In the capital today, Egyptian security forces detained at least 33 journalists attempting to cover planned street protests against a deal handing control of two Red Sea Islands to Saudi Arabia, the Egyptian Journalists' Syndicate, the advocacy group Journalists Against Torture Observatory (JATO), and Egyptian news websites reported. Of the at least 33 journalists reported detained, only two remained in detention at the time of publication, according to those groups and news reports.
"Egyptian authorities appear determined to prevent any protests and any mention of their forcibly dispersing those protests," CPJ Middle East and North Africa Program Coordinator Sherif Mansour said from Washington. "Rather than repeating its predecessors' mistake of trying to silence dissent, the government should ensure reporters can do their jobs safely and without fear of reprisal."

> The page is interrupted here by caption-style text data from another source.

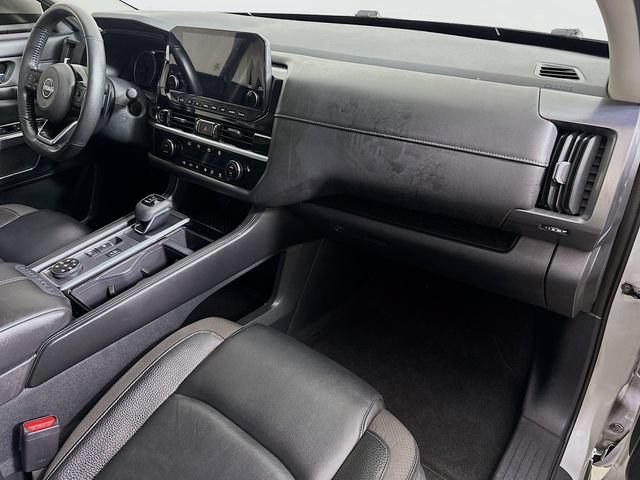 Used 2022 Nissan Pathfinder SL AWD/4WD image 35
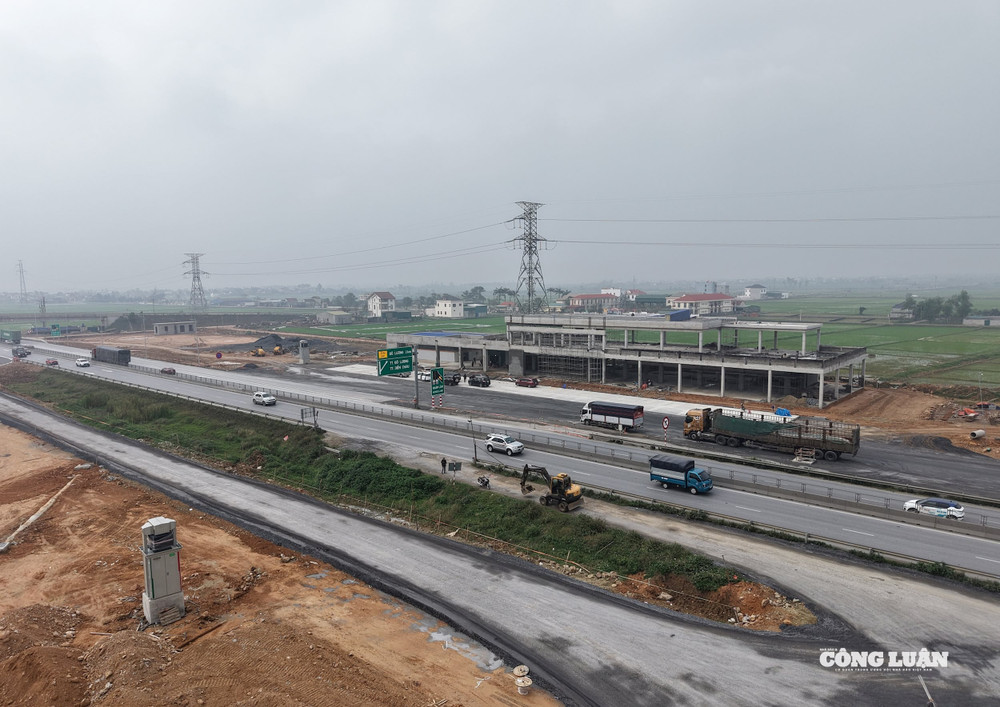 Hệ thống trạm dừng nghỉ trên tuyến cao tốc Bắc - Nam đang được triển khai. dji_20260211094333_0937_d.jpg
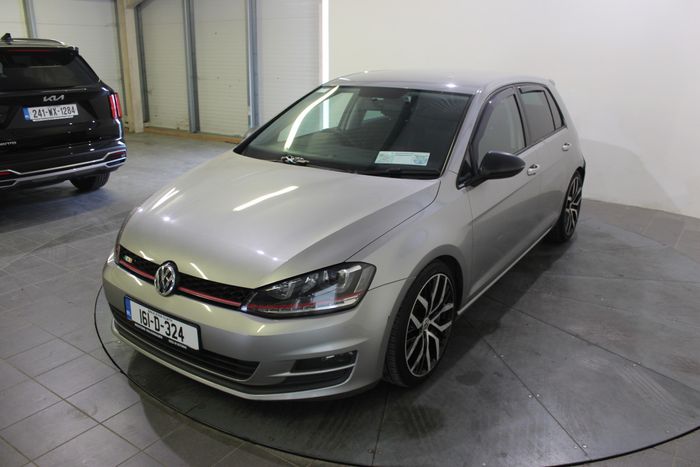 Volkswagen Golf 2016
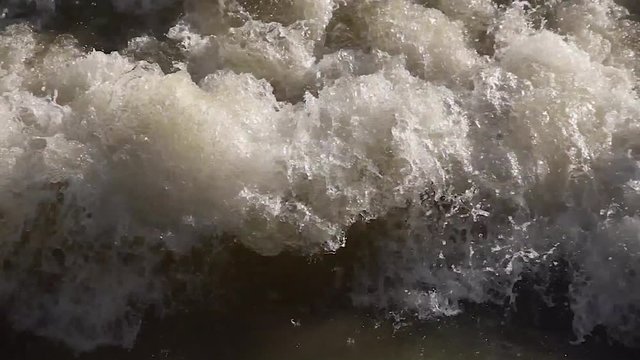Espuma de borbotones de agua en torrente de rio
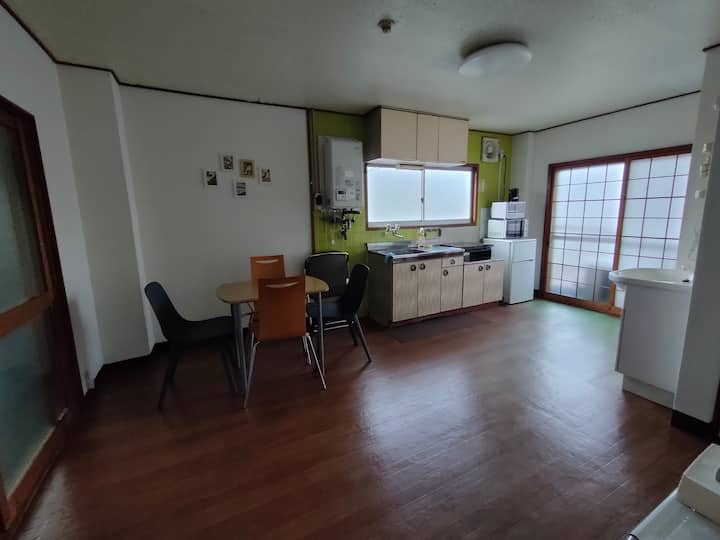 1 Min Froｍ Jr Sta., 1 Stop From Nanba, 45sqm, R505 - Japan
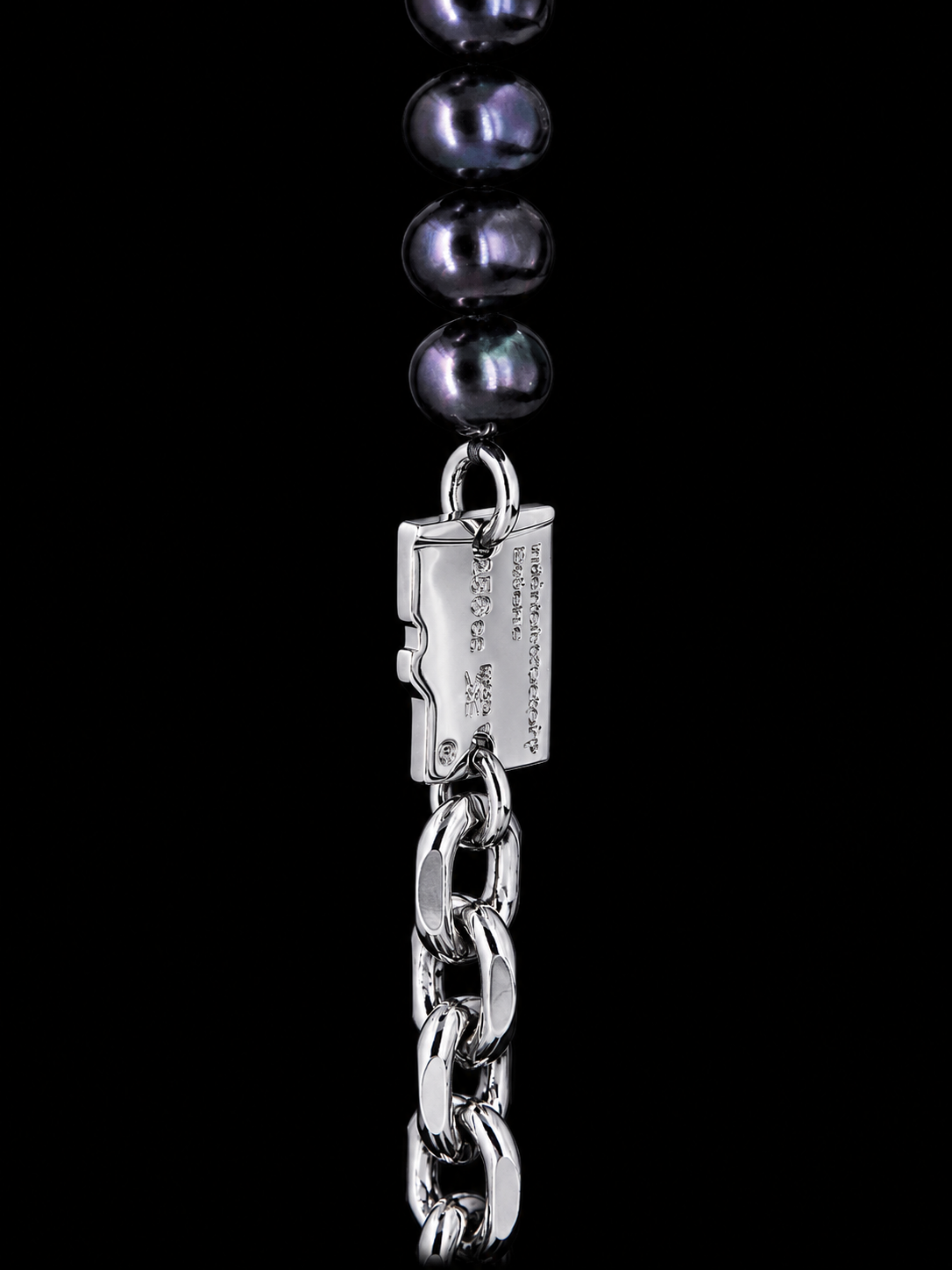 Micro-SD black freshwater pearls necklace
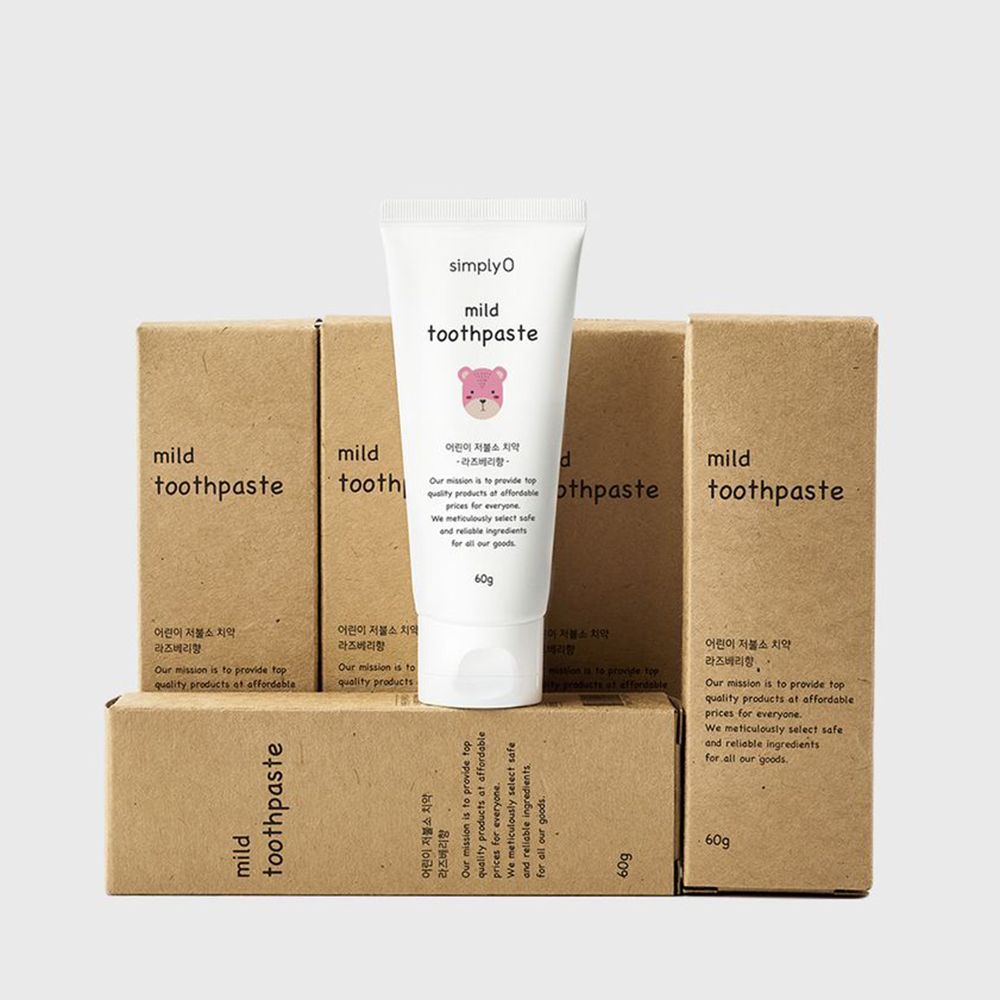 Tandpasta tube "simplyO mild toothpaste" op kartonnen verpakkingen. Koreaanse en Engelse tekst. 60g.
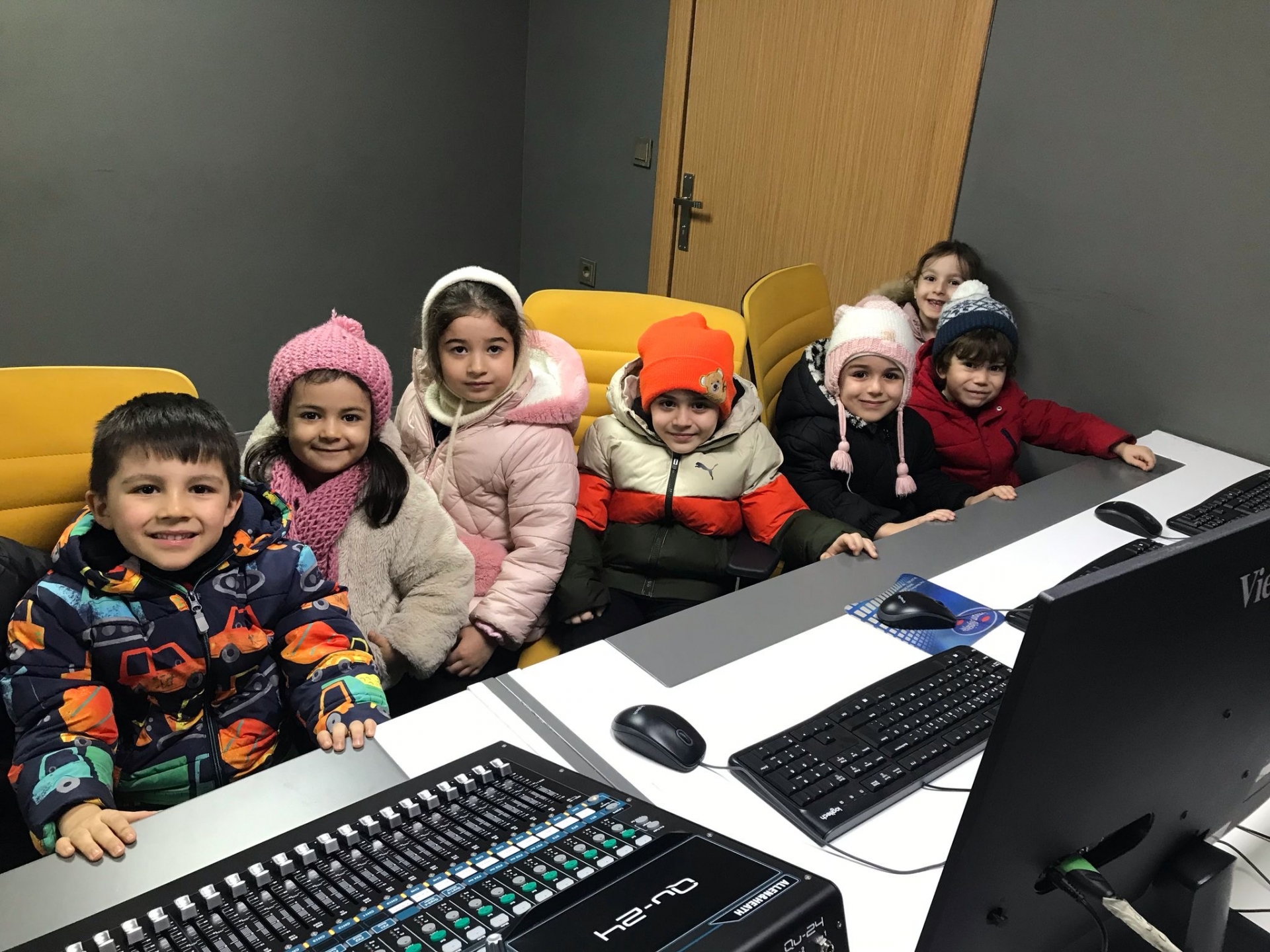 İletişim fakültesi gezimiz Rastgele Fotoğraf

Security forces detained at least 17 journalists in downtown Cairo, where military and police conducted sweeps to detain potential demonstrators and to close streets leading to the site of a planned protest at the Journalists' Syndicate, according to press and advocacy group accounts. Among those detained in central Cairo were eight members of a crew for the broadcaster ONTV; Dot Masr news website producer Mohamed Elsawy and writer Basma Mostafa; El-Tareeq news website manager Mostafa Reda and editor Hesham Mostafa; Al-Shorouk daily newspaper editors Ahmed Al-Bardini and Mohamed Magdi; ONA news agency correspondent Omar Abdel Nasser; Assafir newspaper correspondent Mazen Helmi; and Shams Nabil, a photographer for the news website Al-Mesryoon, who was still in custody at the time of publication, according to JATO.
At least 16 journalists were detained while covering protests at the headquarters of the opposition Al-Karama Party in Giza, across the Nile River from Cairo, according their employers and JATO. The list include 13 local journalists: Hadi Al-Desouki and Yehia Morsi, of the daily newspaper Al-Akhbar; Hesham Mohamed, a photographer for the daily newspaper Al-Watan; photographer Mohamed Adli and editors Mohamed Shehata and Ahmed El-Refae, all of the daily newspaper Sawt Al-Umma; Al-Wafd daily newspaper editors Khaled Ammar and Mohamed Gamal Desouki; El-Fagr news website editor Mohamed al-Mosalami and photographer Ali Abdeen; Sada El-Balad news website photographer Amr Sayed; ONA news agency editor Omar Gamal; and Amin Amr Amin, an editor for Al-Mesryoon, who was still in custody at the time of publication, according to JATO.
Three international journalists were also detained in the area, according to their social media accounts and JATO: French freelance journalist Jenna Le Bras; Danish freelance journalist Stefan Weichert; and Norwegian freelance journalist Harald Christian Hoff.
Police harassed and briefly detained at least eight journalists when similar protests were planned on April 15. Egypt was the second worst jailer of journalists worldwide in 2015, according to CPJ's prison census.